Analyst cuts High Liner US sales forecast on lost business, competitive market

February 22, 2013, 4:24 pm

An analyst has shifted his 2013 US sales forecast for High Liner Foods from an increase of 2.5% to a drop of 1.1%, partly as a result of the company losing a large foodservice contract in 2012.

The company reported strong sales and profits for 2012, particularly from its Canadian and Icelandic USA businesses.

However, its non-Icelandic USA business in the US, where it sells into foodservice and retail, has not fared so well.

“The US business appears to be very competitive. A large foodservice customer was lost last year and will impact High Liner in the first half of 2013,” wrote Robert Gibson, an analyst with Octagon Capital.

For 2013, Gibson is modeling High Liner’s US sales to be $622.90 million, down 1.1% in total, compared to $629.70m for 2012.

“The loss [from the foodservice contract] really didn’t show up in the results until Q3/12. The US business appears to be very competitive,” he said.

Octagon is maintaining a target price of $33.40 and a hold recommendation.

Gibson is modeling for a 0.5% increase in total sales to $947.1m, with sales in Canada forecast to grow 3.6% to $324.2m.

Michael Mills, an analyst with brokerage Beacon Securities, has a buy recommendation and a target price of $42.

“For the full year we are forecasting topline sales growth of 1.3%, led by Canada, with relatively flat results in the US,” said Mills.

His sales forecast for 2013 is $955.8m.
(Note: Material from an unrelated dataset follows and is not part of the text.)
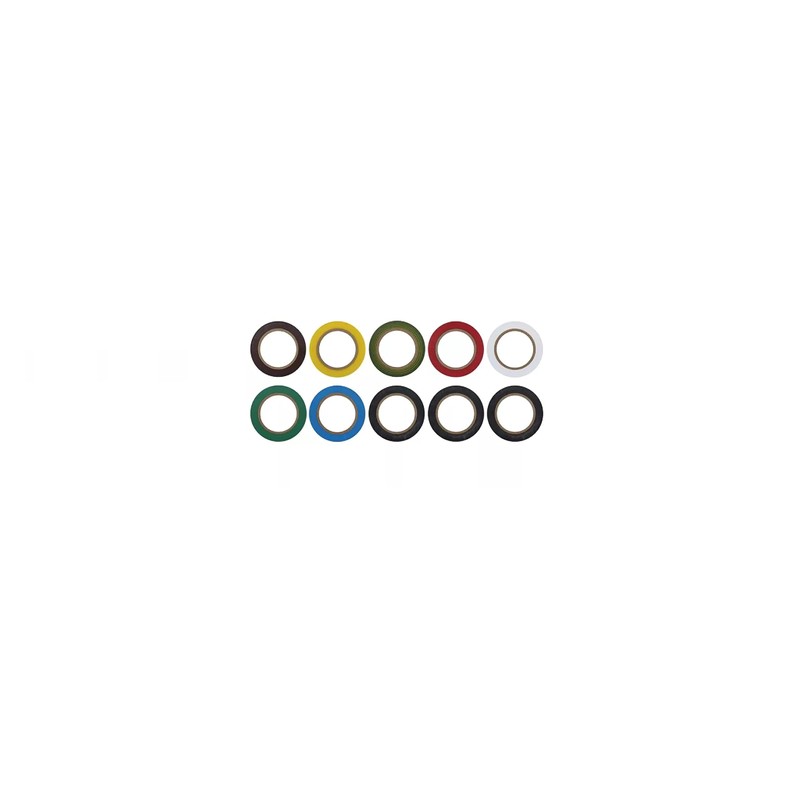 EMOS 15/10 Mix Insulation Tape PVC 15 mm/10M Colour Mix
Mills feels the company needs to make “at least” two acquisitions to hit its EBITDA target of $150m in 2015.

Gibson has also increased High Liner’s distribution expenses, on increased costs of shipping, something reported by Undercurrent News.

“As we noted in our Jan. 15 report, freight rates on refrigerated shipping is up about $1,500 per 40‐foot full container load. That works out to about $0.035 per pound or about $9.6 million if all products were shipped from China,” he said.

“We have increased High Liner’s distribution expense by half this amount. This will be offset by continued improvement in the Company’s supply chain, which is expected to contribute to the $25.0 million in EBITDA improvement by 2015.”